Длинный путь исследования, пройденный нами, дает возможность ответить на вопрос, поставленный в начале этого труда. Что представляет собою кризис современного правосознания: полное крушение старых начал или их необходимое видоизменение? Мы могли убедиться, что основные начала – те, во имя которых ранее совершалось движение вперед, понятие личности, принципы равенства и свободы, – остались в силе. Но являясь по-прежнему началами движущими и руководящими, они получили новое определение и расширились в содержании. В связи с этим потерпели крушение те яростные и гармонические схемы, в которых пламенное воображение оптимистического века хотело видеть разрешение общественных противоречий. В начале XX столетия более не думают, как в конце XVIII, что государство обладает силой совершать чудеса. « Les miracles de la republique», – как говорили в то время, – слова чуждые и непонятные для современного слуха. Однако политическая жизнь нашей эпохи стоит не перед грудой развалин и бездной сомнений, а только перед необозримой сложностью проблем и необходимостью чрезвычайных усилий к их разрешению. Предельные результаты этих усилий уходят в бесконечность, но, как мы видели, современная политическая мысль не видит в этом причин к отчаянию или бездействию.
Политическая эволюция XIX века, как мы могли в этом убедиться, совершалась в двояком направлении: с одной стороны, постепенно падала вера в возможность совершенной и безошибочно действующей государственной организации, с другой стороны, функции государства бесконечно расширялись. В то время как от государства стали требовать несравненно более, в него стали верить гораздо менее. На него возложили огромное бремя, открывшее перед ним новую стадию развития, и при этом с него сняли ореол прежнего величия, возвещавший ему впереди светлые перспективы всеобщего удовлетворения. Для людей практического дела это означает только переход от мечтаний к действительности, и вот почему, при всей трудности положения, у них не видно стремления сложить руки и отступить перед неизвестностью будущего. Они склонны скорее утверждать, что если в государство вообще теперь верят менее, чем прежде, в том смысле, что не ждут от него всеобщего счастья, зато современному государству, ставшему ближе к народу, более доверяют, чем государству прошлого времени, и вследствие этого менее опасаются расширения его задач. Худо ли, хорошо ли, но в пределах, для них доступных, политические деятели наших дней энергично работают над разрешением поставленных вопросов с уверенностью, что они идут по верному, хотя и медленному пути.
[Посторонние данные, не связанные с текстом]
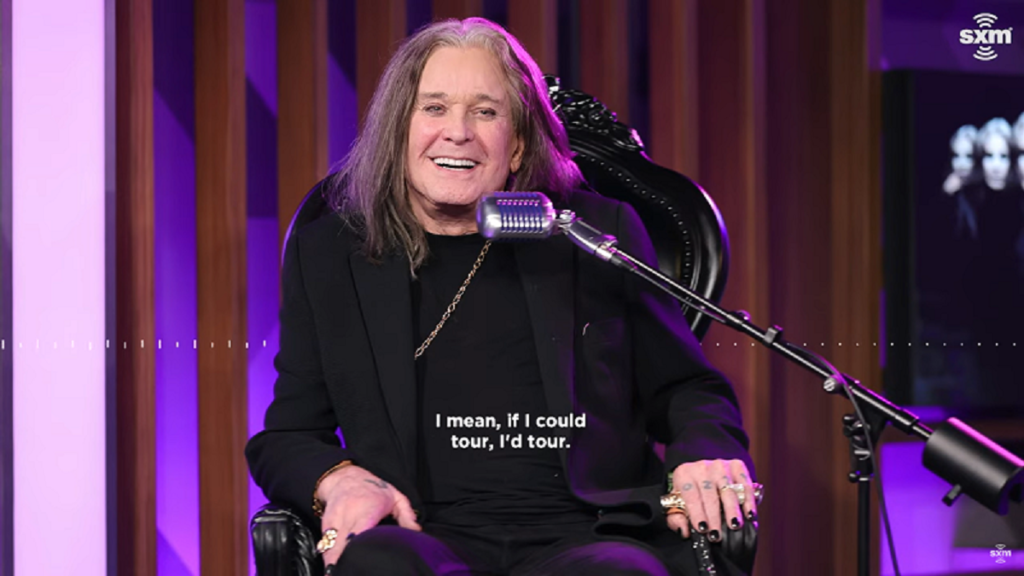 Ozzy Osbourne Tour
Однако совершенно естественно, что слышатся и иные голоса. Если теоретики и сторонники правового государства признают его бессилие немедленно и до конца разрешить общественные противоречия, удивительно ли, что его критики и противники говорят о его полной непригодности для идеальных целей. Если историческое развитие государства в его отношении к запросам личности обнаруживает его неспособность удовлетворить все эти запросы, надо ли удивляться тому, что мысль ищет этого удовлетворения в представлениях об иных формах жизни, что пылкие человеколюбцы снова хотят увлечь людей блаженством социалистического рая, свободой анархического быта, независимостью профессионального федерализма, подвигом свободной теократии. Но чего же ждать нам от этих разнообразных обещании и стремлений? В каком отношении стоят они к историческим путям государственной жизни? Проникнуты ли сами они прежней пылкостью надежд или и их коснулось разлагающее действие современного критицизма? Ответить на эти вопросы возможно лишь при помощи подробного рассмотрения упомянутых представлений в связи с исследованием общего вопроса об основаниях и условиях осуществления общественного идеала. Это послужит задачей следующей части настоящего труда.